§ AVAILABLE RECORDS:
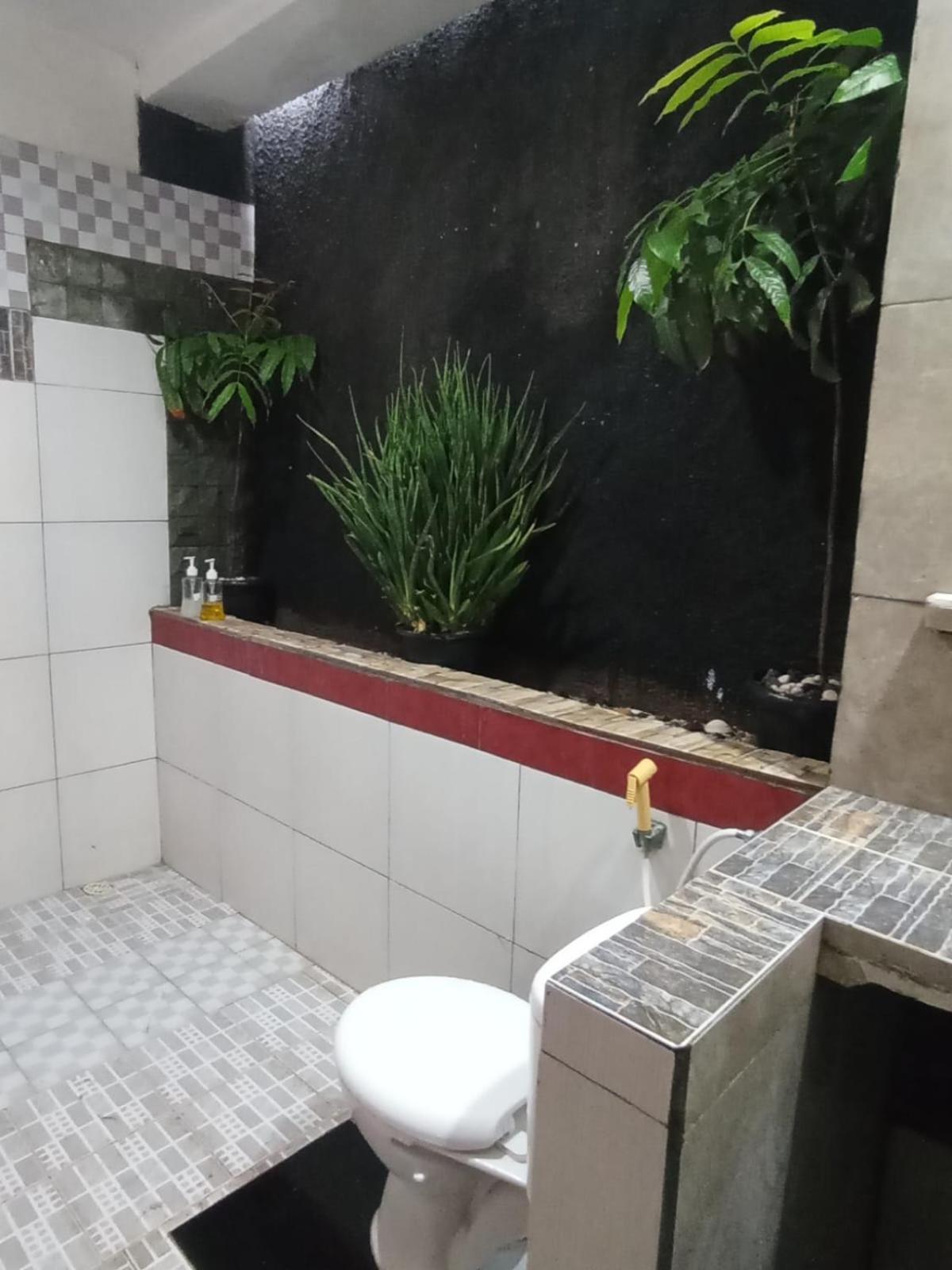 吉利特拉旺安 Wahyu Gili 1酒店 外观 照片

--

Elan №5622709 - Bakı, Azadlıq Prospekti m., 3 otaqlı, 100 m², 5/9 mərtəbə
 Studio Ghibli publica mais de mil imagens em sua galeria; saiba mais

==

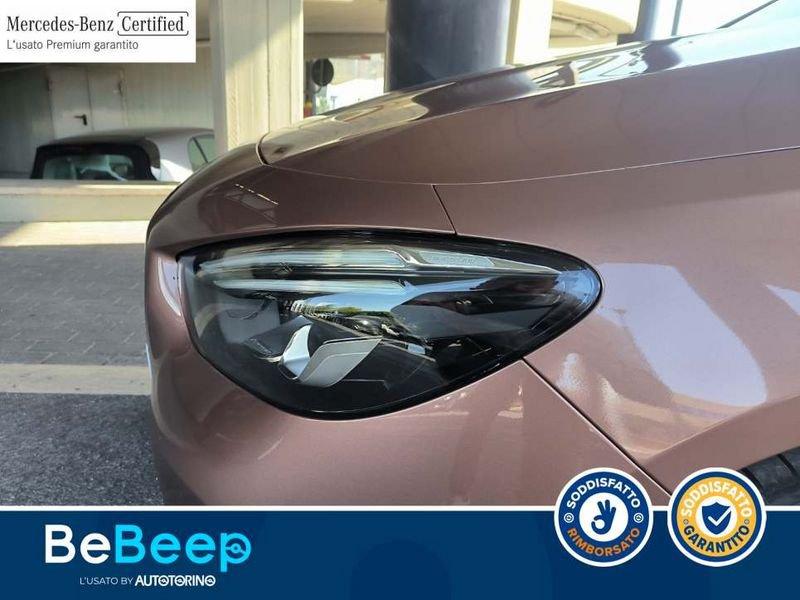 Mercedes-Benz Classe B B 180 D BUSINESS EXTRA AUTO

§ ABOUT THIS EXERCISE: Above are the entries. Copy exactly the part that opens with the line containing "Elan №5622709 - Bakı, Azadlıq" and closes with the line containing "Studio Ghibli publica", and no more.

§ ANSWER TO THIS TASK:
Elan №5622709 - Bakı, Azadlıq Prospekti m., 3 otaqlı, 100 m², 5/9 mərtəbə
 Studio Ghibli publica mais de mil imagens em sua galeria; saiba mais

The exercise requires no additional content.